Misc Notes On Cloud Providers

ongoing notes comparing computing resources

Comparing compute resources:

  • AWS EC2, DigitalOcean, and Google Compute Engine look significantly cheaper than Rackspace, Azure, etc. (The Economist has estimated that AWS EC2 prices are roughly 3% below cost).

  • DigitalOcean tends to have the lowest price point for on-demand use of a given set of resources; usually comparable to the Amazon or EC2 persistent (e.g. monthly) use. All-inclusive pricing (storage, networking etc) and limited options make choices simple and total costs easy to anticipate, though lack the flexibility to fine-tune a configuration to pay for exactly what you need.

  • Google offers the best rate for higher-cpu instances, (e.g. 16 cores); primarily by provisioning them with less memory (0.9 GB/core) than DO or EC2.
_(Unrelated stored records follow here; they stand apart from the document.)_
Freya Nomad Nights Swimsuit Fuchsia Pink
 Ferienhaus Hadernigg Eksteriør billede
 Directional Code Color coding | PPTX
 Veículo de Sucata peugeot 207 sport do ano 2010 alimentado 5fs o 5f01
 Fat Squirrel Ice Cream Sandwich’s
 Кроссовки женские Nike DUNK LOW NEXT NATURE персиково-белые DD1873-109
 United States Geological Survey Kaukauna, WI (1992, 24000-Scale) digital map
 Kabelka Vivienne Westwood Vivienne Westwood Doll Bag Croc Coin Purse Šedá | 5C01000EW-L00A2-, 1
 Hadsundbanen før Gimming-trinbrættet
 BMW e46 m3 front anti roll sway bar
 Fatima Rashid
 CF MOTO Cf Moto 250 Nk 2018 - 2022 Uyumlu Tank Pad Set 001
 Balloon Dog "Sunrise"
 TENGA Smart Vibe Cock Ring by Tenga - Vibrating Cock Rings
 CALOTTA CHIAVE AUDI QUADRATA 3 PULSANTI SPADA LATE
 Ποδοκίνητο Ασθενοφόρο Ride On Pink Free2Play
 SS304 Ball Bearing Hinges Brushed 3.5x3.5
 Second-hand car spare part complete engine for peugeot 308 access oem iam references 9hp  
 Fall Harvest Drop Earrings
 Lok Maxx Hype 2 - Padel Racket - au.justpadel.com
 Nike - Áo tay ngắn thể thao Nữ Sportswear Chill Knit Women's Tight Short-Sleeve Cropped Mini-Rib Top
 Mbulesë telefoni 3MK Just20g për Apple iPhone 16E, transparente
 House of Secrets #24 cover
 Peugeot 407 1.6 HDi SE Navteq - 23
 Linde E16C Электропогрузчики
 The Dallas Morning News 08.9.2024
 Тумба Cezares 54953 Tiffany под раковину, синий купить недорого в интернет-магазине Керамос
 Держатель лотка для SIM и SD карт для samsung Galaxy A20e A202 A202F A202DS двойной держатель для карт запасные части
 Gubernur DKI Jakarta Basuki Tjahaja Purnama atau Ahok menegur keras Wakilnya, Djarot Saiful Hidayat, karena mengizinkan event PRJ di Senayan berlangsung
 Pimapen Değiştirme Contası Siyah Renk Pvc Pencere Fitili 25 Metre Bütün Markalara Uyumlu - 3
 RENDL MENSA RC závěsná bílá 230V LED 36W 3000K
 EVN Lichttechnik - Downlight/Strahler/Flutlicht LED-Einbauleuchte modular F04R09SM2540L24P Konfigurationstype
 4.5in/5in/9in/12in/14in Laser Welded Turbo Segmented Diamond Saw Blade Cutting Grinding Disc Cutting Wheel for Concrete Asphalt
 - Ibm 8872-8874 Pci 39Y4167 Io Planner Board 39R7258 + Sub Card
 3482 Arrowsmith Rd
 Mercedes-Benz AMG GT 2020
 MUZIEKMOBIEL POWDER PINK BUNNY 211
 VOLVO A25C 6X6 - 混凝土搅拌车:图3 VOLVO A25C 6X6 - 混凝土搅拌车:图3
  • Google configures disk space separately from instance type. Cost of $0.04 per GB for spinning disk storage, is quite a bit cheaper than the ~ $0.10/GB for AWS EBS, and in fact nearly S3 price ~ $0.03. This makes it a potentially compelling platform for high storage, low compute instances.

Presumably this is non-local storage like EBS, since they also offer a (very expensive) local SSD option (limited to 375 GB increments, each inc at $81.75 / mo). Though if the non-local nature creates a significant latency, it isn’t clear why one would buy non-local SSD option for $0.17/GB.

Using Google Compute Engine

Web interface is cleaner but much less flexible than Amazon’s, most tasks must be done with the commandline SDK tool instead, gcloud (such as modifying firewall settings other than port 80 and port 443). For instance, this tutorial on running an Ubuntu Snappy Core image instead of the usual defaults.

Docker-machine makes this a bit easier, as usual. The user needs to create a project name and project id on the Google Cloud Engine web interface. Only the project-name is required as an argument to docker-machine (e.g. no authentication token), auth must be done interactively through a web terminal. It doesn’t seem that there is a way to turn on http port or otherwise configure the firewall. By default, all inbound ports are shut. By mapping to port 80 and checking ‘allow http’ in the web interface one can still access an app like RStudio-server (my mapping docker ports appropriately), but there doesn’t seem to be any way to automate this. (In contrast, with Amazon EC2, docker-machine automatically attaches a ‘security-group’ called docker-machine, so a user can customize the ports permitted on that security group to have, e.g. 8787 open by default.)

Performance comparisons

CPU performance varies within a single provider.

  • DO CPUs appear 2.3 - 2.4 Ghz with ~ 15MB cache,
  • Google CPUs around 2.6 Ghz with ~ 20MB cache,
  • Amazon ~ 2.8 Ghz with ~ 25 MB cache

network i/o speeds seem reasonable on all.


Using resources with docker-machine

docker-machine with docker save: after committing the container, this saves the container locally rather than on the host. With even reasonable download speeds ~ 0.5MB/s this is quite slow. DigitalOcean download speeds are ~ 680 Mb/s, and upload about half that. Better yet, pushing the container back to the Hub only pushes the changed layers anyway, so is nearly instantaneous. The Hub also provides a private repo for free.

This provides a pretty compelling workflow of

  • docker-machine create ...
  • docker run <...> user/private and do stuff
  • docker commit container user/private, docker push user/private, docker-machine rm -f ...

in order to deploy one’s work on temporary machine with appropriate power, and then save the work and close the machine. Using docker instead of the standard image ‘snapshots’ is probably faster and nicely independent of the machine and provider; and in this case the snapshot storage is free of cost as well.